Plato.—Your notions are just, and if your country rejects
them she will not long hold the rank of the first nation in Europe. Her declension is begun, her ruin approaches; for, omitting all other arguments, can a state be well served when the raising of an opulent fortune in its service, and making a splendid use of that fortune, is a distinction more envied than any which arises from integrity in office or public spirit in government? Can that spirit, which is the parent of national greatness, continue vigorous and diffusive where the desire of wealth, for the sake of a luxury which wealth alone can support, and an ambition aspiring, not to glory, but to profit, are the predominant passions? If it exists in a king or a minister of state, how will either of them find among a people so disposed the necessary instruments to execute his great designs; or, rather, what obstruction will he not find from the continual opposition of private interest to public? But if, on the contrary, a court inclines to tyranny, what a facility will be given by these dispositions to that evil purpose? How will men with minds relaxed by the enervating ease and softness of luxury have vigour to oppose it? Will not most of them lean to servitude, as their natural state, as that in which the extravagant and insatiable cravings of their artificial wants may best be gratified at the charge of a bountiful master or by the spoils of an enslaved and ruined people? When all sense of public virtue is thus destroyed, will not fraud, corruption, and avarice, or the opposite workings of court factions to bring disgrace on each other, ruin armies and fleets without the help of an enemy, and give up the independence of the nation to foreigners, after having betrayed its liberties to a king? All these mischiefs you saw attendant on that luxury, which some modern philosophers account (as I am informed) the highest good to a state! Time will show that their doctrines are pernicious to society, pernicious to government; and that yours, tempered and moderated so as to render them more practicable in the present circumstances of your country, are wise, salutary, and deserving
of the general thanks of mankind. But lest you should think, from the praise I have given you, that flattery can find a place in Elysium, allow me to lament, with the tender sorrow of a friend, that a man so superior to all other follies could give into the reveries of a Madame Guyon, a distracted enthusiast. How strange was it to see the two great lights of France, you and the Bishop of Meaux, engaged in a controversy whether a madwoman was a heretic or a saint!

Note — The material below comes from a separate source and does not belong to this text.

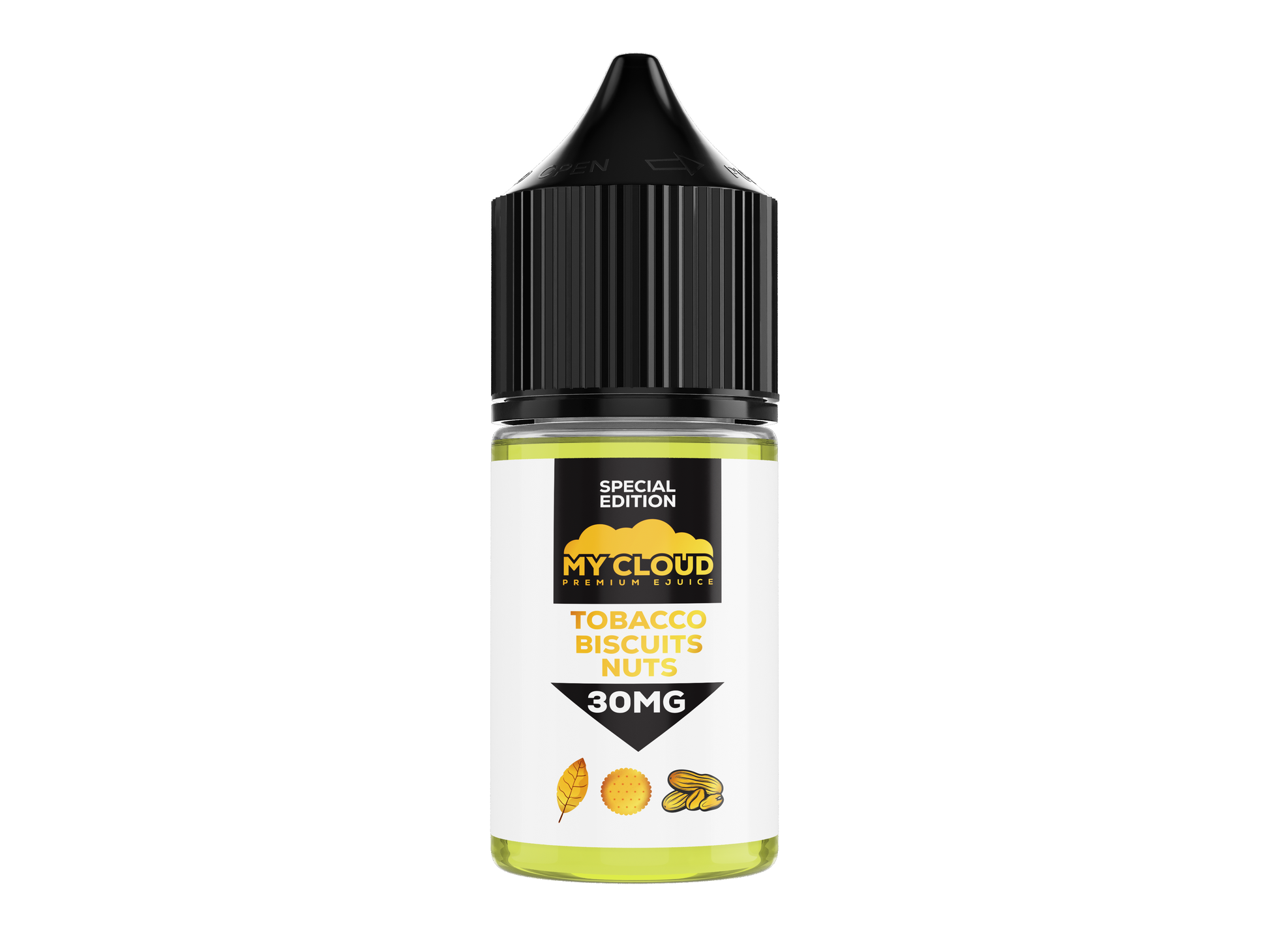 MY CLOUD Tobacco Biscuits Nuts Salt e-liquid bottle with 30ml size and 30mg nicotine salt, featuring tobacco, biscuit, and nut flavors.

Fenelon.—I confess my own weakness, and the ridiculousness of the dispute; but did not your warm imagination carry you also into some reveries about divine love, in which you talked unintelligibly, even to yourself?
Plato.—I felt something more than I was able to express.
Fenelon.—I had my feelings too, as fine and as lively as yours; but we should both have done better to have avoided those subjects in which sentiment took the place of reason.
DIALOGUE IV.
Mr. Addison—Dr. Swift.
Dr. Swift.—Surely, Addison, Fortune was exceedingly inclined to play the fool (a humour her ladyship, as well as most other ladies of very great quality, is frequently in) when she made you a minister of state and me a divine!
Addison.—I must confess we were both of us out of our elements; but you don’t mean to insinuate that all would have been right if our destinies had been reversed?
Swift.—Yes, I do. You would have made an excellent bishop, and I should have governed Great Britain, as I did Ireland, with an absolute sway, while I talked of nothing but liberty, property, and so forth.
Addison.—You governed the mob of Ireland; but I never understood that you governed the kingdom. A nation and a mob are very different things.
Swift.—Ay, so you fellows that have no genius for politics may suppose; but there are times when, by seasonably putting himself at the head of the mob, an able man may get to the head of the nation. Nay, there are times when the nation itself is a mob, and ought to be treated as such by a skilful observer.
Addison.—I don’t deny the truth of your proposition; but is there no danger that, from the natural vicissitudes of human affairs, the favourite of the mob should be mobbed in his turn?
Swift.—Sometimes there may, but I risked it, and it answered my purpose. Ask the lord-lieutenants, who were forced to pay court to me instead of my courting them, whether they did not feel my superiority. And if I could make myself so considerable when I was only a dirty Dean of St. Patrick’s, without a seat in either House of Parliament, what should I have done if Fortune had placed me in England, unencumbered with a gown, and in a situation that would have enabled me to make myself heard in the House of Lords or of Commons?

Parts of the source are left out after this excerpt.